■ Work to be completed ■
Apart from the pictures, every entry below should be repeated exactly.

■ Exercise inputs ■

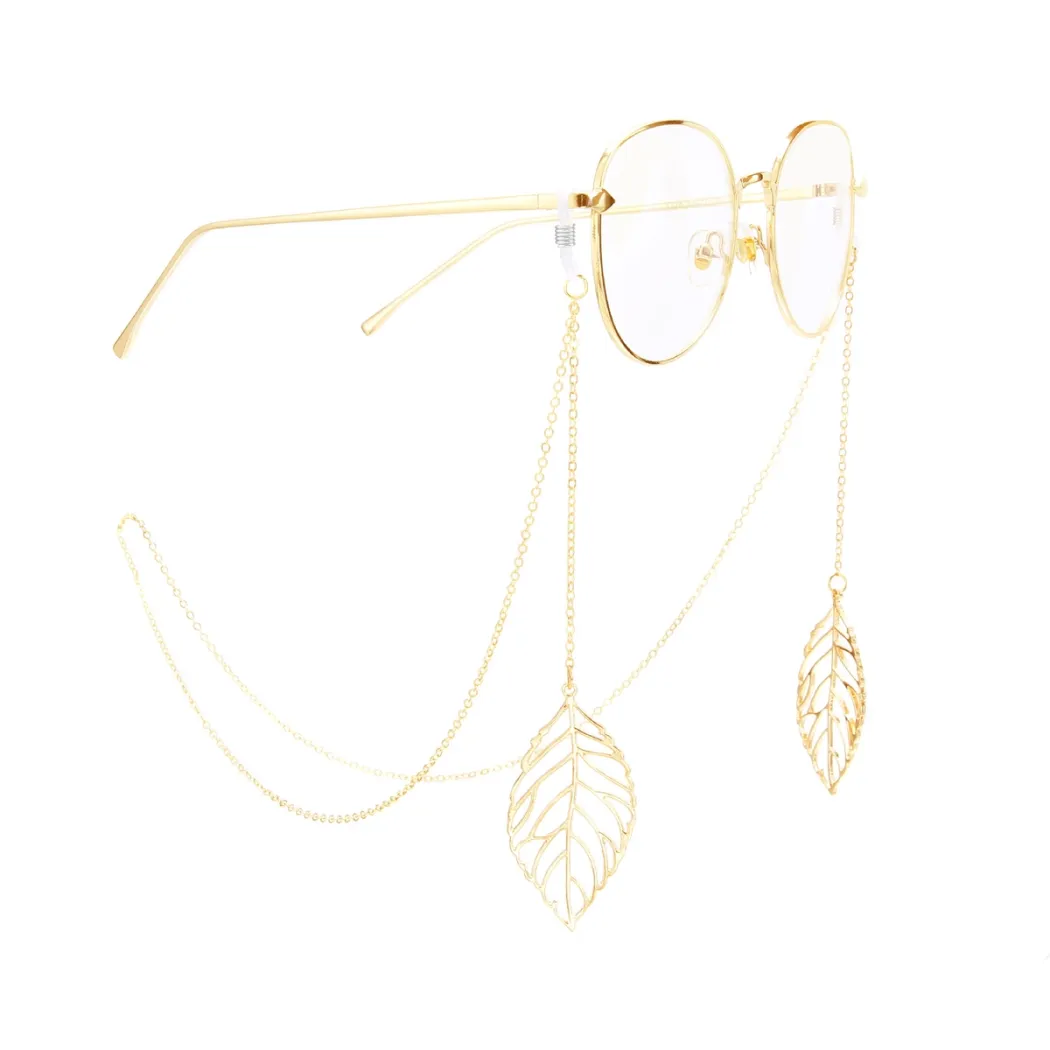 Gold-colored eyeglasses chain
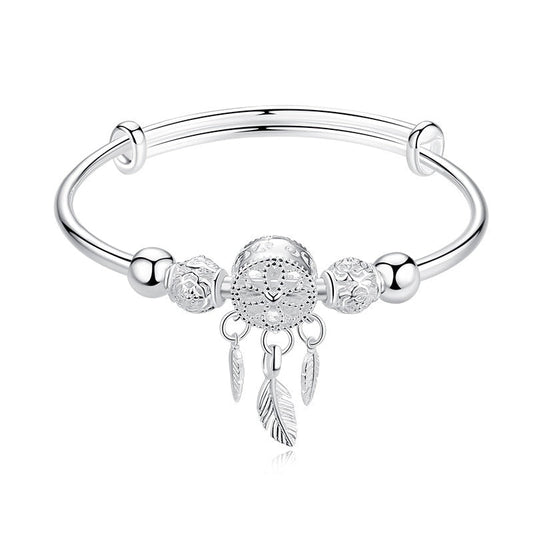 Feather Round Bead Charm Bracelet-0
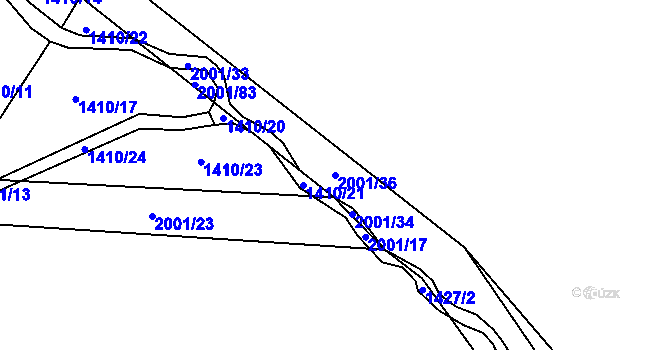 Parcela st. 2001/36 v KÚ Rosovice, Katastrální mapa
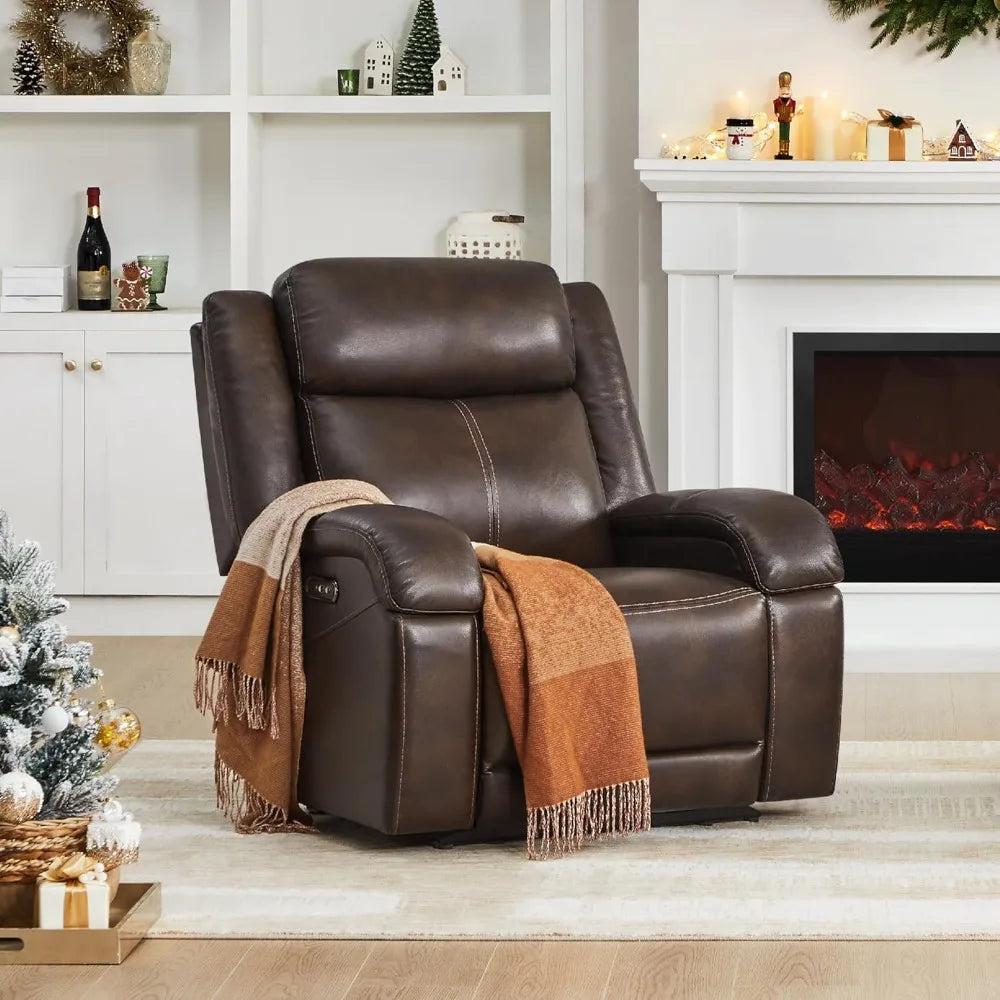 Genuine Leather Power Recliner Chairs for Adults, Wall Hugger RV Recliner with Power Headrest & Charging Ports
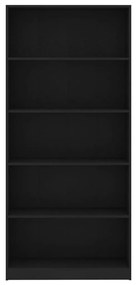 vidaXL Βιβλιοθήκη με 5 Ράφια Μαύρη 80 x 24 x 175 εκ. από Μοριοσανίδα
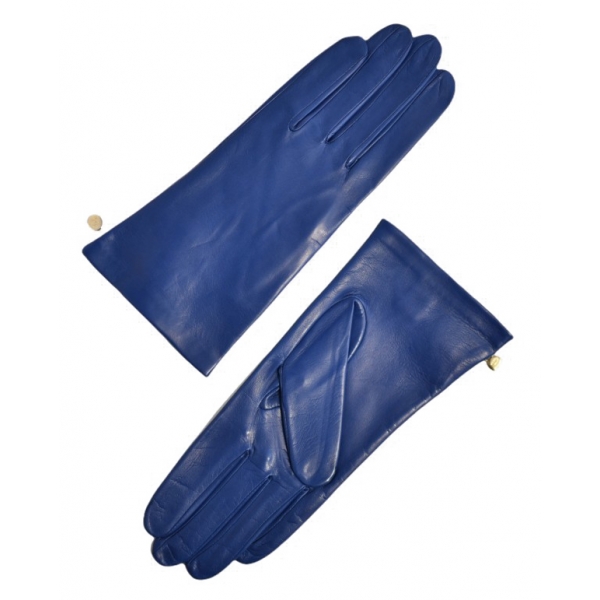 Fefè Napoli - Royal Blue Leather Woman Gloves - Gloves - Handmade in Italy - Luxury Exclusive Collection
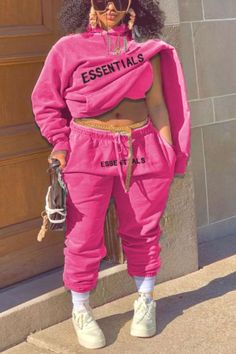 LW Plus Size Essentials Letter Print Tracksuit Set Plus Size Sweatpants Outfit, Sporty Loungewear, Sweat Suits Outfits, Pink Sweatsuit, Matching Tracksuit, Velvet Tracksuit, Cabin Trip, Trendy Logos, Tracksuit Outfit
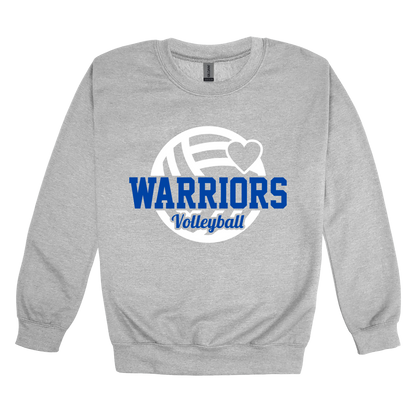 Warriors Volleyball Apparel — gray adult-crewneck front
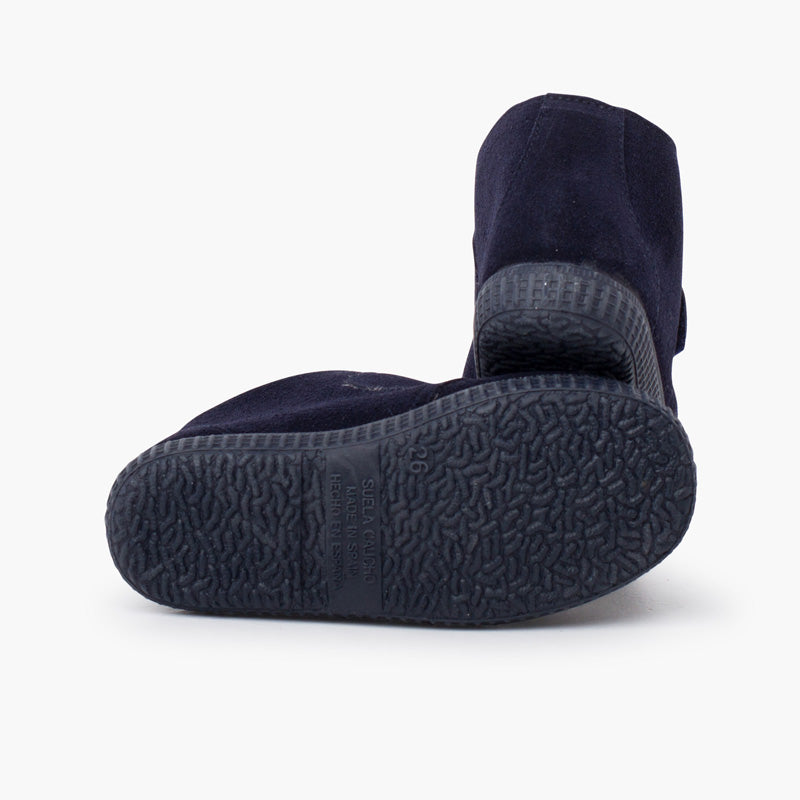 Bota Niña con Velcro Ancho y Forro Pelito color Azul Marino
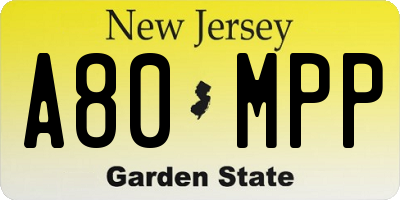 NJ license plate A80MPP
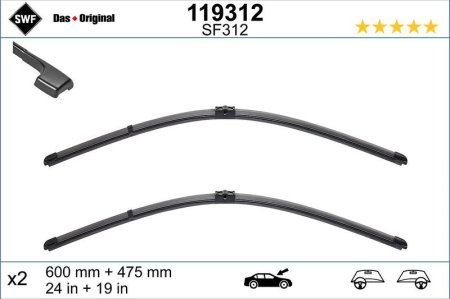 Turisme (Stergatoare) - Set lamela stergator SWF Wiper FB OE LHD 600/475 mm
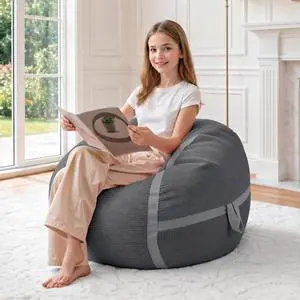 Bean Bag Chair, 2FT Bean Bag Chairs with Memory Foam Filling, Small Beanbag Chairs with Portable Handle, Comfy Bean Bag Sofa for Living Room Bedroom Reading Room, Dusty Grey&Light Grey Bean Bag Chair, 2FT Bean Bag Chairs with Memory Foam Filling, Small Beanbag Chairs with Portable Handle, Comfy Bean Bag Sofa for Living Room Bedroom Reading Room, Dusty Grey&Light Grey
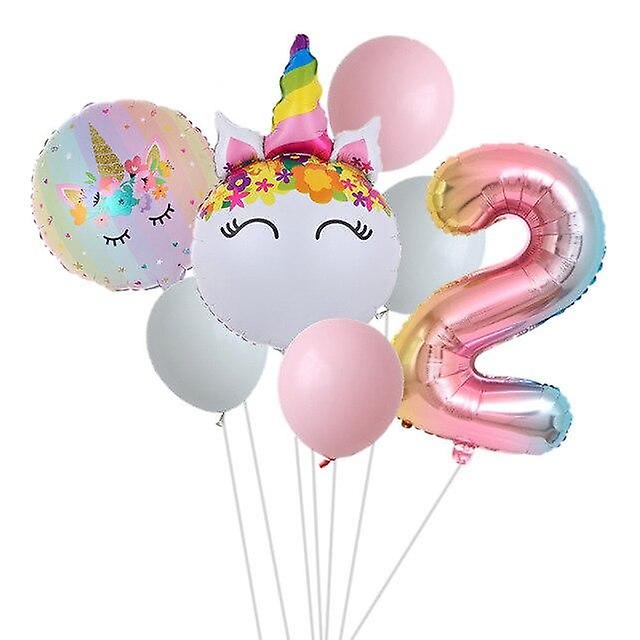 Rainbow Unicorn Balloon Number Foil Globos Years Old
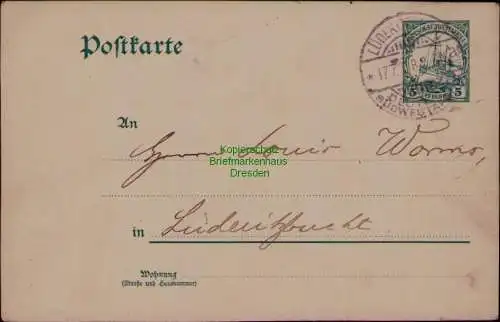 163293 DSW Deutsch Südwestafrika Ganzsache Ortsverkehr Lüderitzbucht 1908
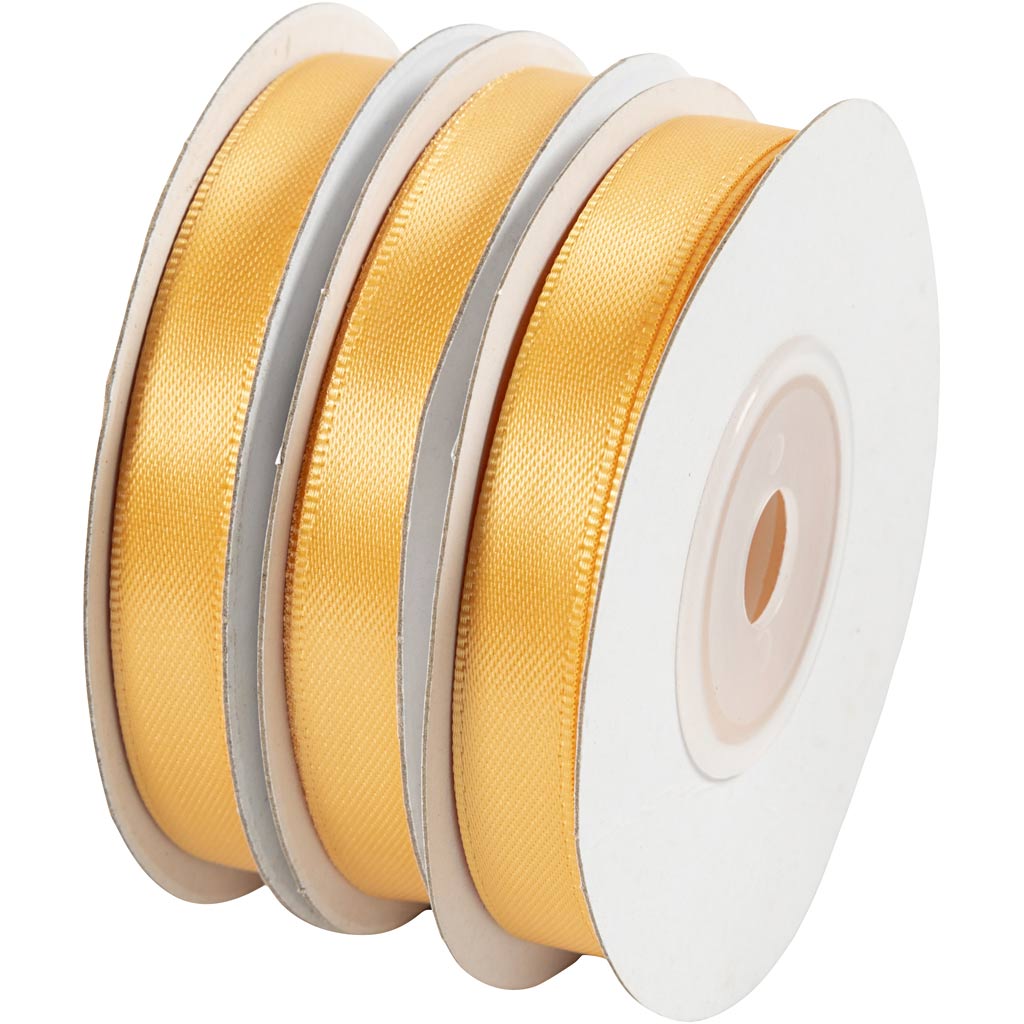 Ruban de satin, L : 10, jaune, 3x10 m/ 1 rouleau [HOB-780214]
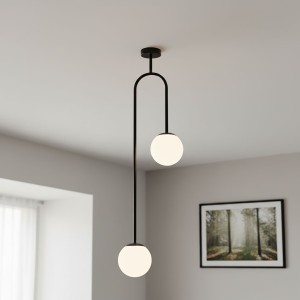 Vector lampa wisząca 2xE14 czarna/biały 62448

■ Result below ■
 Gold-colored eyeglasses chain
 Feather Round Bead Charm Bracelet-0
 Parcela st. 2001/36 v KÚ Rosovice, Katastrální mapa
 Genuine Leather Power Recliner Chairs for Adults, Wall Hugger RV Recliner with Power Headrest & Charging Ports
 vidaXL Βιβλιοθήκη με 5 Ράφια Μαύρη 80 x 24 x 175 εκ. από Μοριοσανίδα
 Fefè Napoli - Royal Blue Leather Woman Gloves - Gloves - Handmade in Italy - Luxury Exclusive Collection
 LW Plus Size Essentials Letter Print Tracksuit Set Plus Size Sweatpants Outfit, Sporty Loungewear, Sweat Suits Outfits, Pink Sweatsuit, Matching Tracksuit, Velvet Tracksuit, Cabin Trip, Trendy Logos, Tracksuit Outfit
 Warriors Volleyball Apparel — gray adult-crewneck front
 Bota Niña con Velcro Ancho y Forro Pelito color Azul Marino
 NJ license plate A80MPP
 Turisme (Stergatoare) - Set lamela stergator SWF Wiper FB OE LHD 600/475 mm
 Bean Bag Chair, 2FT Bean Bag Chairs with Memory Foam Filling, Small Beanbag Chairs with Portable Handle, Comfy Bean Bag Sofa for Living Room Bedroom Reading Room, Dusty Grey&Light Grey Bean Bag Chair, 2FT Bean Bag Chairs with Memory Foam Filling, Small Beanbag Chairs with Portable Handle, Comfy Bean Bag Sofa for Living Room Bedroom Reading Room, Dusty Grey&Light Grey
 Rainbow Unicorn Balloon Number Foil Globos Years Old
 163293 DSW Deutsch Südwestafrika Ganzsache Ortsverkehr Lüderitzbucht 1908
 Ruban de satin, L : 10, jaune, 3x10 m/ 1 rouleau [HOB-780214]
 Vector lampa wisząca 2xE14 czarna/biały 62448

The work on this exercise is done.